**Problem details**
Take the entries below and reproduce exactly the portion that begins at the line containing "Kavrulmuş, Cupim yangın" and ends at the line containing "CONSOLA DE VIDEOJUEGO", keeping both ends, dropping pictures, and adding nothing else.

**Entries shown**
────────────────────────────────────────

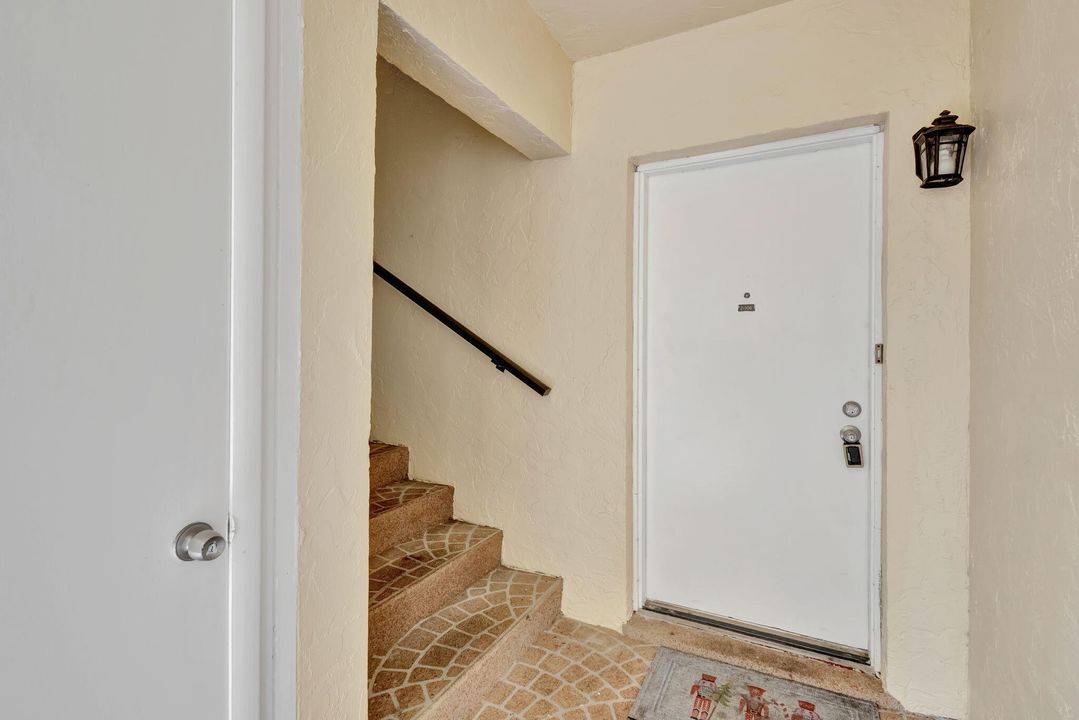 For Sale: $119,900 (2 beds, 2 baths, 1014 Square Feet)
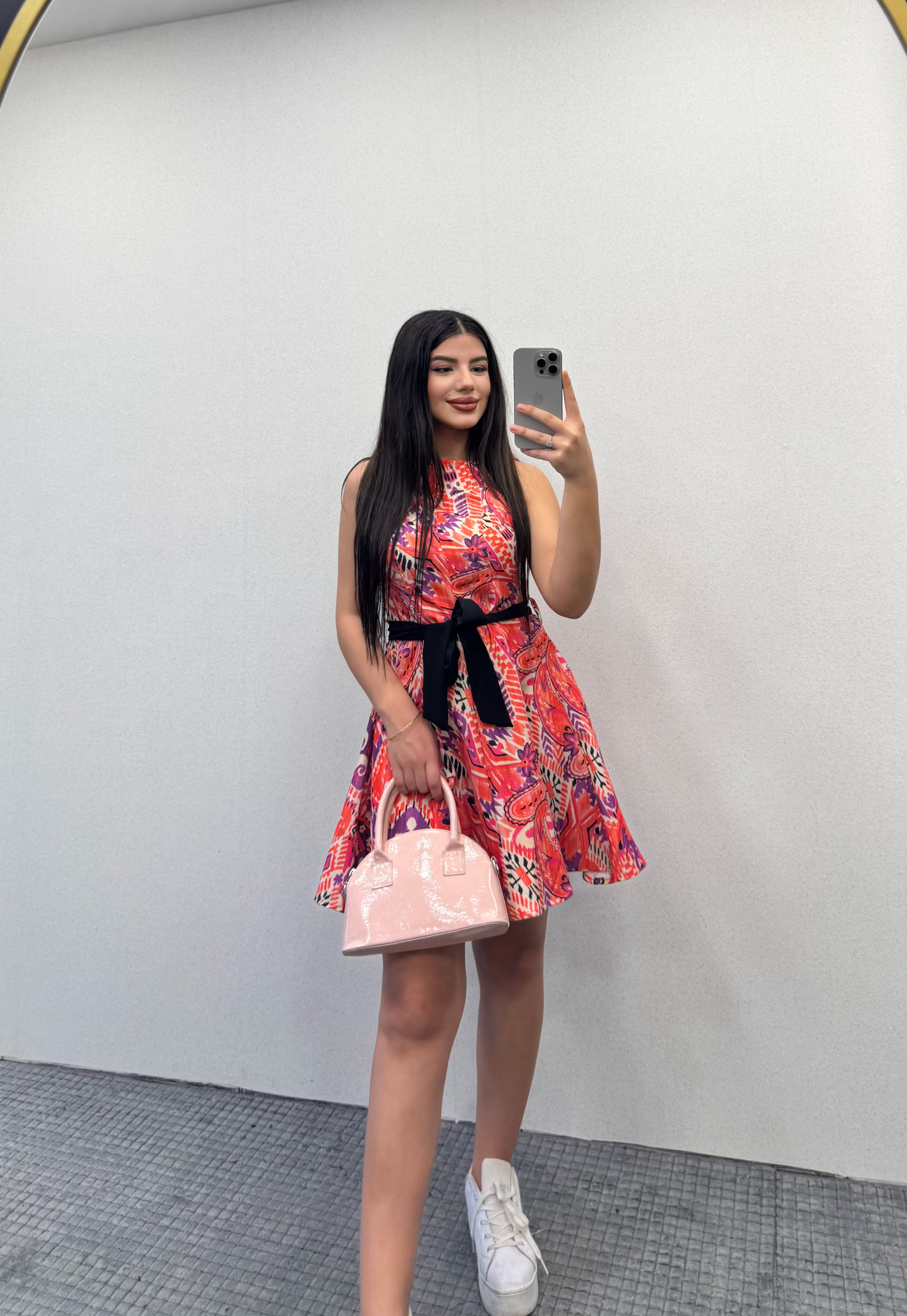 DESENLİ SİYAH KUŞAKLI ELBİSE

────────────────────────────────────────

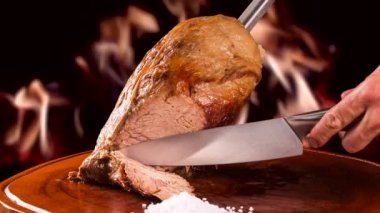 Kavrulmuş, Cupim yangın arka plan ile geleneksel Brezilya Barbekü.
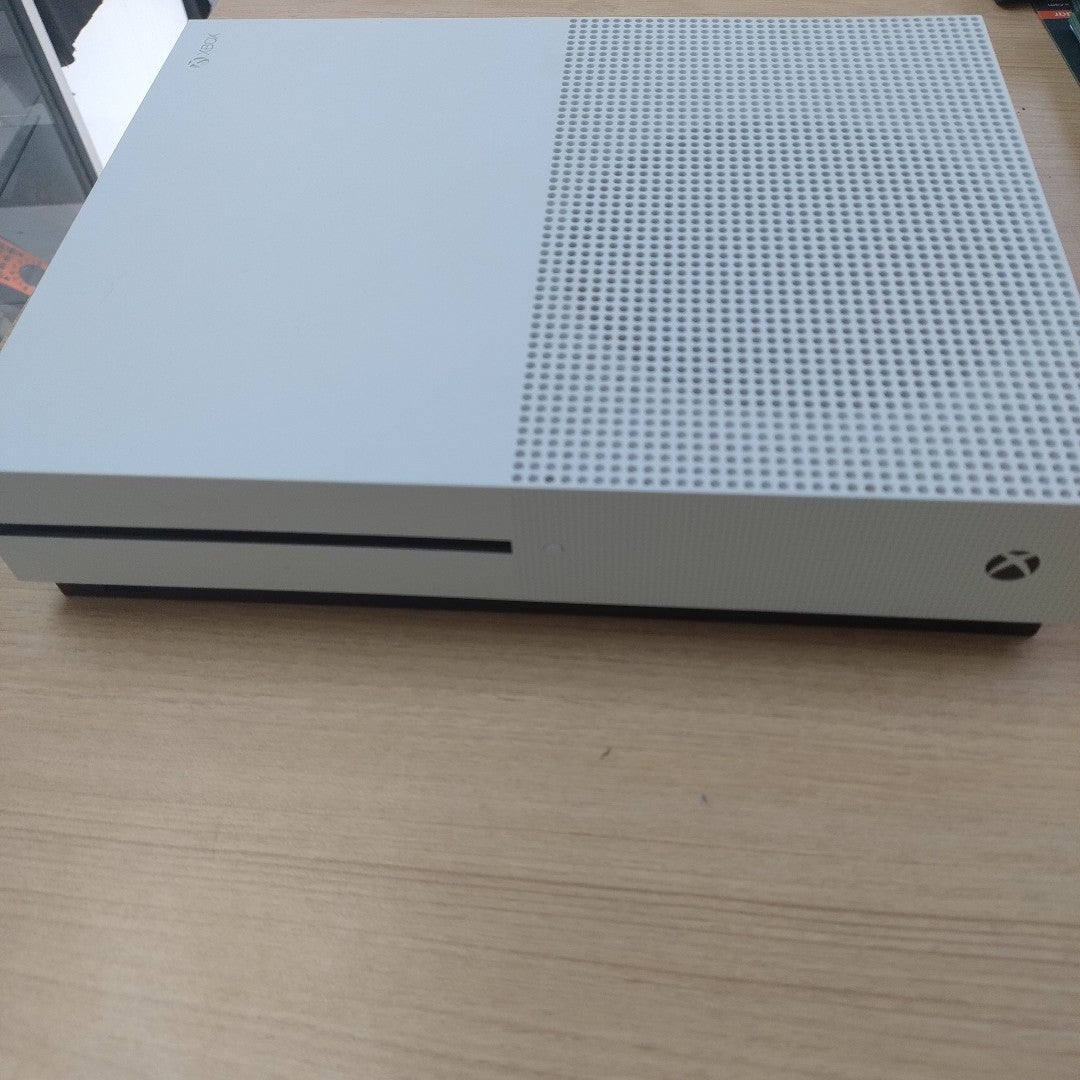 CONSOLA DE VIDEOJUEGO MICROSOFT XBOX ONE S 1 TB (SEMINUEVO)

────────────────────────────────────────

**Answer section**
 Kavrulmuş, Cupim yangın arka plan ile geleneksel Brezilya Barbekü.
 CONSOLA DE VIDEOJUEGO MICROSOFT XBOX ONE S 1 TB (SEMINUEVO)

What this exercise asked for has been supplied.